_SUPPLIED INFORMATION:_
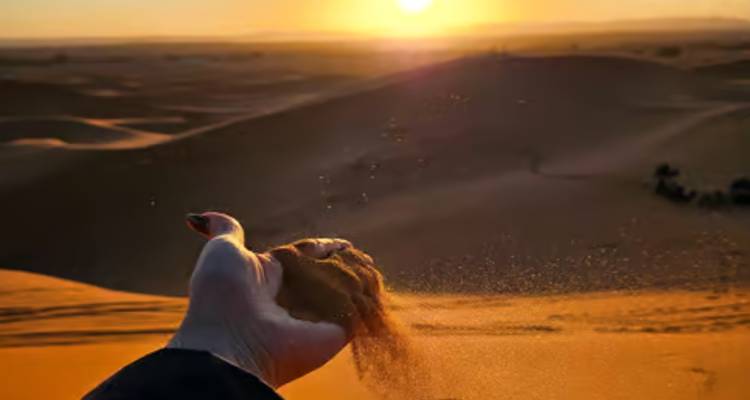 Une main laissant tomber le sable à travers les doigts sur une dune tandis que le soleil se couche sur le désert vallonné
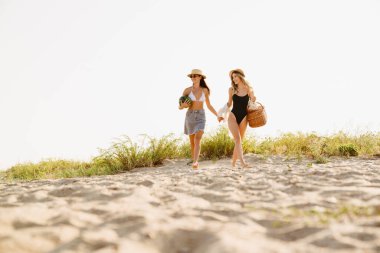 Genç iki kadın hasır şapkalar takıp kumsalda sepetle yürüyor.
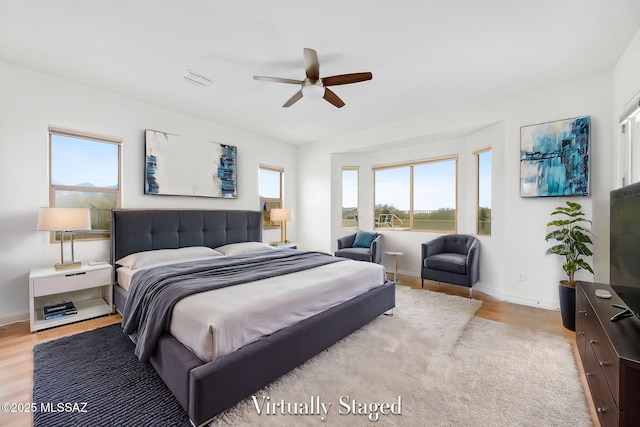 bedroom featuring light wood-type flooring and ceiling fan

_TASK GOAL:_
Starting at the line that holds "Genç iki kadın", write out every remaining line of the material above exactly as it appears. Pictures should not be copied.

_YOUR SOLUTION:_
 Genç iki kadın hasır şapkalar takıp kumsalda sepetle yürüyor.
 bedroom featuring light wood-type flooring and ceiling fan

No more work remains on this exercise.